Diversification plays a key role in long term investing. Spreading your money so you have a little in a broad number of investments, not a lot in one, can strengthen long term returns and minimise losses.
The latest investor study by the Australian Securities Exchange (ASX) found 40 per cent of investors admit they don’t have a diversified portfolio. Almost one in two investors think their portfolio is diverse, yet hold, on average, less than three different investment products.
As a guide, a recent ASX/Russell report found residential property topped the league table of returns for mainstream investments over the last 10 years, averaging gains of 8.1pc annually. Over the same period, global bonds (hedged) and Australian bonds were the next best performing investments with average annual returns of 7.4pc and 6.1pc respectively.
Aussie shares didn’t even make the top four, earning an average of 4.3pc annually over the past decade (though to be fair, this period includes the global downturn when sharemarkets tanked).

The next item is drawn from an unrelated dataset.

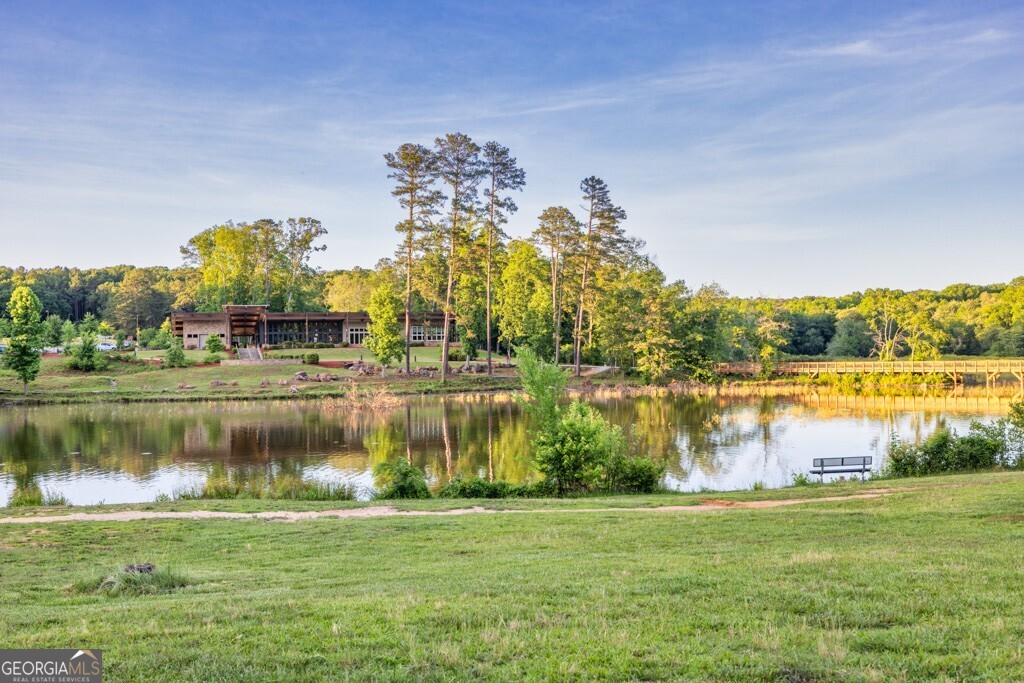 55 Purackal Lane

Cash delivered woeful returns of just 2.8pc annually over the 10-year period.
Investments like bonds, infrastructure (which incidentally returned 13.3pc globally over the last year), or international shares (10.6pc) can be good additions to a portfolio.
These types of investments can be difficult to access as an individual investor, and a managed investment fund – either listed or unlisted, offers an easy way to expand your portfolio into new areas and reap the rewards of diversification.